Loch Sheldrake, N.Y. — A couple went ice fishing Monday in the Catskills hours before a winter snowstorm was set to hit.

When the storm finally struck, the couple’s daughter could not reach them, deputies said. So the worried woman — who lives in New York City — called the Sullivan County Sheriff’s Office, deputies said, and asked for help.

The call from the concerned daughter sparked an extensive search that ended with a tragic discovery: The couple was found dead in a pond near their ice fishing gear, deputies said.

Viktor Nikitin, 63, and Svetlana Nikitin, 70, were found submerged Tuesday in 10 feet of water in a pond between Loch Sheldrake and Woodbourne, deputies said.

The search for the Loch Sheldrake couple began around 8:15 p.m. Monday when Fallsburg police officers stopped by the Nikitins’ Foxcroft Village residence, deputies said. When Fallsburg police discovered the couple wasn’t home, the sheriff’s office launched an “extensive” search of the area, deputies said.

Nikitins’ daughter told deputies her parents likely set out to go ice fishing around 1 p.m. Monday, deputies said. So the sheriff’s office headed out into the winter storm to check lakes and ponds throughout Sullivan County in search of the missing couple.

Around 2:40 a.m. Tuesday, a deputy found the Nikitins’ SUV close to a pond on Hutrat Road off Route 52, deputies said. But the only sign of the couple was ice fishing tip-ups on the pond.

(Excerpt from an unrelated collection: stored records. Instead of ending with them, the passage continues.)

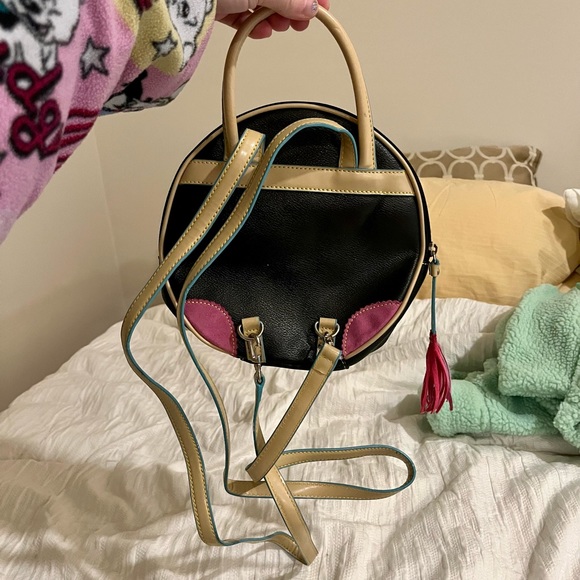 💕SOLD💕Betty Boop backpack - Picture 6 of 6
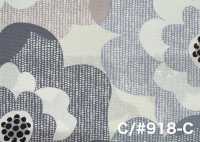 36000-918 OX Print 918 Furone[Textile / Fabric] Artemondo Additional Images
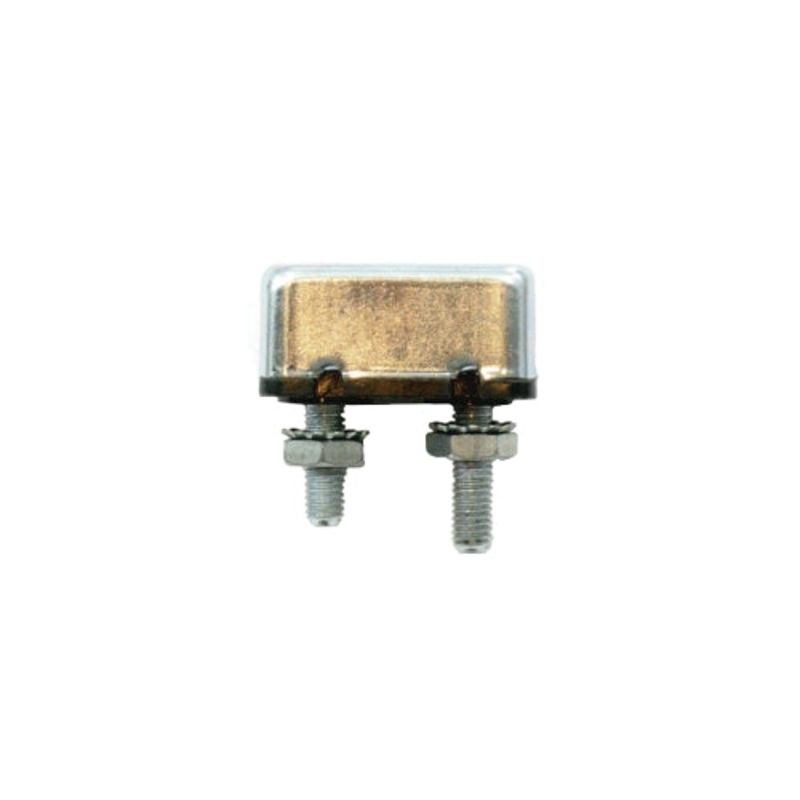 New 30 Amp Headlight Switch Circuit Breaker (6 & 12 Volt) – CC147686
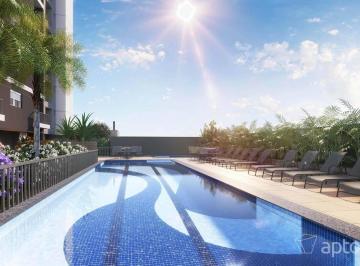 Apartamento · 42m² · 2 Quartos · 1 Vaga · Apartamentos à venda em Campo Limpo, São Paulo | 2 quartos com 42 m²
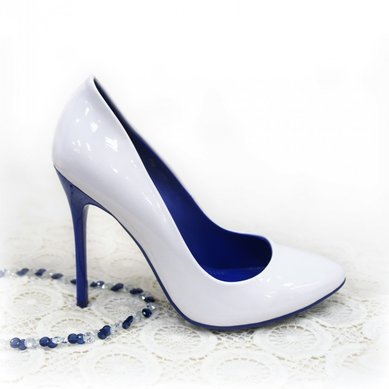 Свадебная обувь Т2757 - Салон обуви Туфли в Красноярске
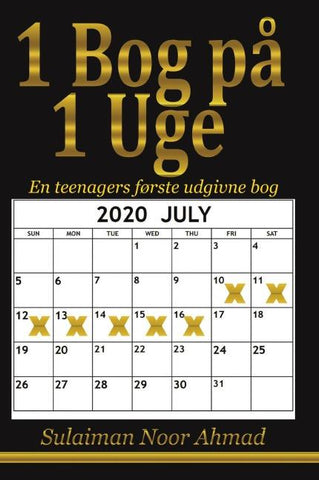 1 Bog på 1 Uge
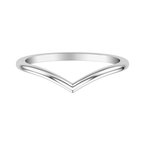 Goldman Wedding Band 31-12100-L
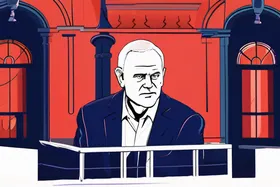 利特高为波特角色辩护,身陷爱泼斯坦丑闻与叙利亚重建争议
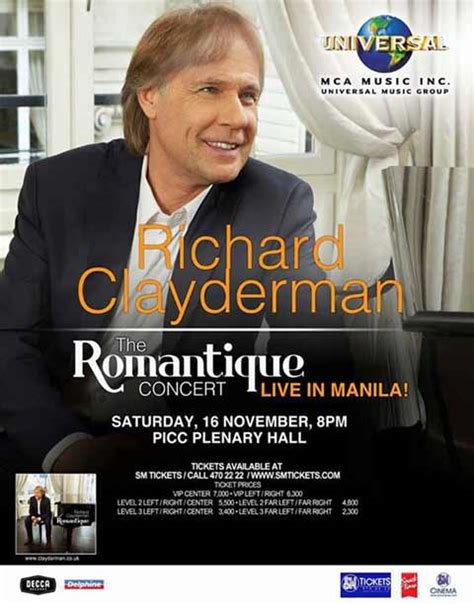 Price Richard Video Manila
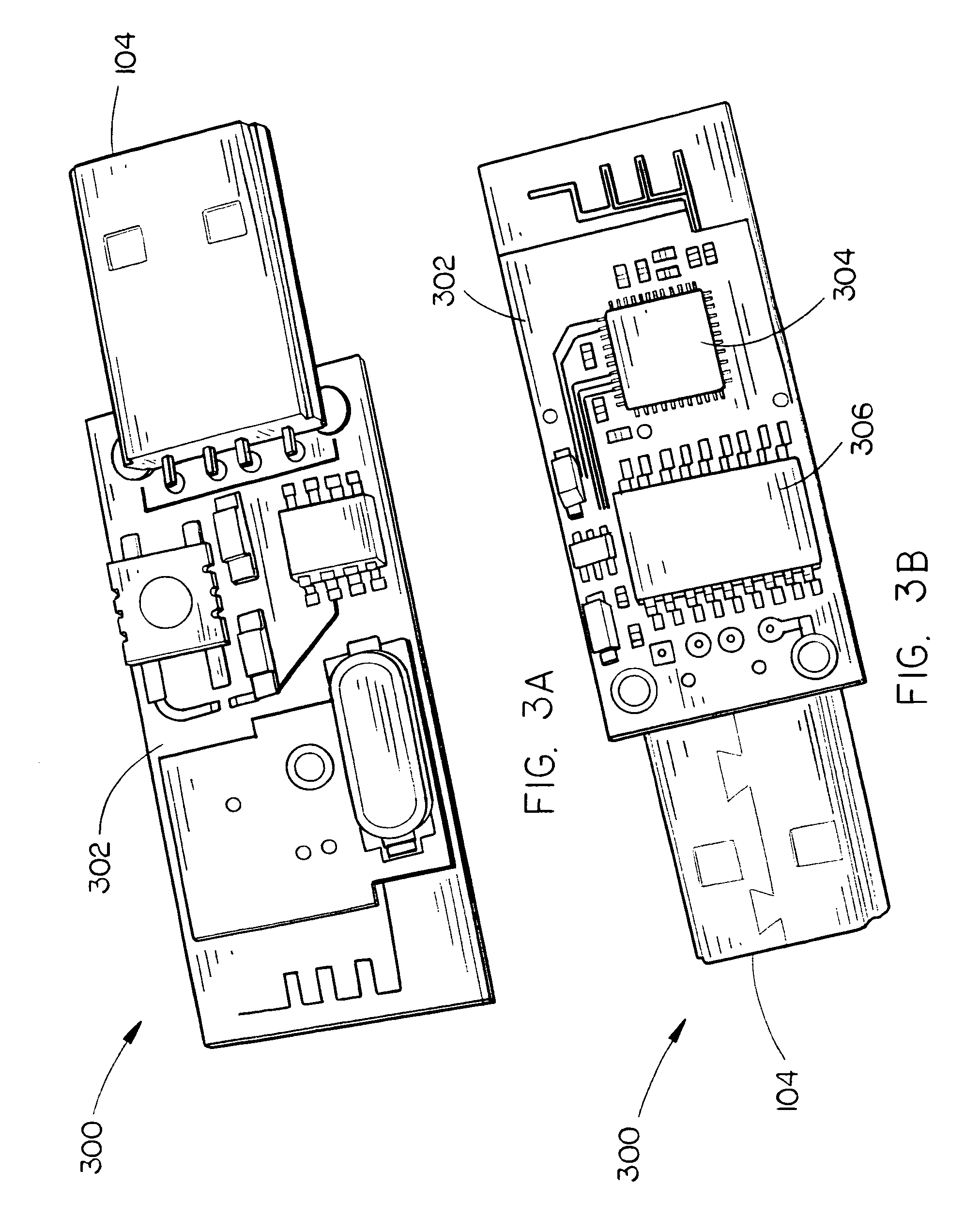 System and apparatus for detecting and analyzing a frequency spectrum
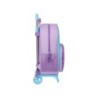 Mochila safta mod. 180 con carro 905 stitch sweet 420x330x140 mm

Thin ice prevented the Loch Sheldrake Fire Department from immediately venturing out onto the pond, deputies said. Rescuers had to wait until sunrise, when the Sullivan County Bureau of Fire brought the equipment needed for the search.

Using a drone, the sheriff’s office spotted an area of open water on the pond near the ice fishing tip-ups, deputies said. New York State Police divers then ventured into the pond and found Viktor and Svetlana Nikitin dead in the water about 100 feet from the shore, deputies said.

An autopsy will officially determine how the couple died.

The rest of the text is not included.